No se trata, en todo caso, de ninguna profecía, ni siquiera de un pronóstico. Es una apuesta personal, y la realidad bien podrá, si le place, desmentirla. Lo que importa es que los guardias, militares o no, continúen de forma honrosa para ellos y provechosa para el país la historia que escribieron sus antecesores. Esos hombres (y más de una mujer, ya) que una y otra vez se mostraron serenos en el peligro, como les prescribiera su fundador; ya se diera este frente al criminal en los caminos, frente al rebelde en el monte o frente al enemigo en el campo de batalla. A veces con la razón y la justicia de su parte, otras veces sin más amparo que el desnudo de la ley, que no siempre es bueno ni suficiente, y otras, ni con lo uno ni con lo otro; pero al final acertando, muchos de ellos, a mantener la entereza y la dignidad.

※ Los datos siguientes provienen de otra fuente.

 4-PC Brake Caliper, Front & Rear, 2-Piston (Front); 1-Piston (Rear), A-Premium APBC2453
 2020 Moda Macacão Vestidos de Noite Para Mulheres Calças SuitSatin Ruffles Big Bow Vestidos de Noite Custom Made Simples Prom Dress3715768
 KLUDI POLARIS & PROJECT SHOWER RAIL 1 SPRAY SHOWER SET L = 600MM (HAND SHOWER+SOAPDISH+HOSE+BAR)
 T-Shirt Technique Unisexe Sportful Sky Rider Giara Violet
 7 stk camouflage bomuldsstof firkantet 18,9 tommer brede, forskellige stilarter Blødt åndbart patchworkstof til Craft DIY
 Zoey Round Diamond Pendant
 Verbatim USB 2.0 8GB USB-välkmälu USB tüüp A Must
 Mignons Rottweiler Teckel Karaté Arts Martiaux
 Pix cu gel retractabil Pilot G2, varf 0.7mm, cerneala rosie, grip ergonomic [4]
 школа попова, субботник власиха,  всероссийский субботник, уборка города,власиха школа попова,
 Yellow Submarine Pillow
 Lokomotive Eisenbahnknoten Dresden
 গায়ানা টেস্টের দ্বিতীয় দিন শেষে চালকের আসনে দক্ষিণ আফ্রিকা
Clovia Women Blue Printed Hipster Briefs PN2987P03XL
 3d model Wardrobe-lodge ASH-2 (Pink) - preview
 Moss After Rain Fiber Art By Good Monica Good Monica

También, es quizá especialmente necesario recalcarlo, hubieron de mostrar su serenidad, y lo hicieron, en ese trance al que tantos hombres justos y decentes se vieron abocados a lo largo de la historia de España, y al que escaparon en cambio tantos oportunistas, déspotas y criminales. Ese instante que retratara con maestría el pintor Antonio Gisbert en su célebre cuadro titulado Fusilamiento de Torrijos en la playa de San Andrés. El observador poco avezado no identificará a los guardias con los prisioneros entre los que se encuentra Torrijos, sino más bien con los hombres uniformados que se ven desdibujados al fondo y que forman el pelotón de fusilamiento. Cierto es que los guardias hicieron muchas veces, y así lo hemos contado, esa odiosa tarea detrás de los fusiles. Pero también se pusieron delante, incluso atados a una silla para sostenerse, como el infortunado general Aranguren, ajusticiado por orden de Franco, o como el no menos desdichado guardia Moreno Rayo, fusilado por los mineros enfurecidos.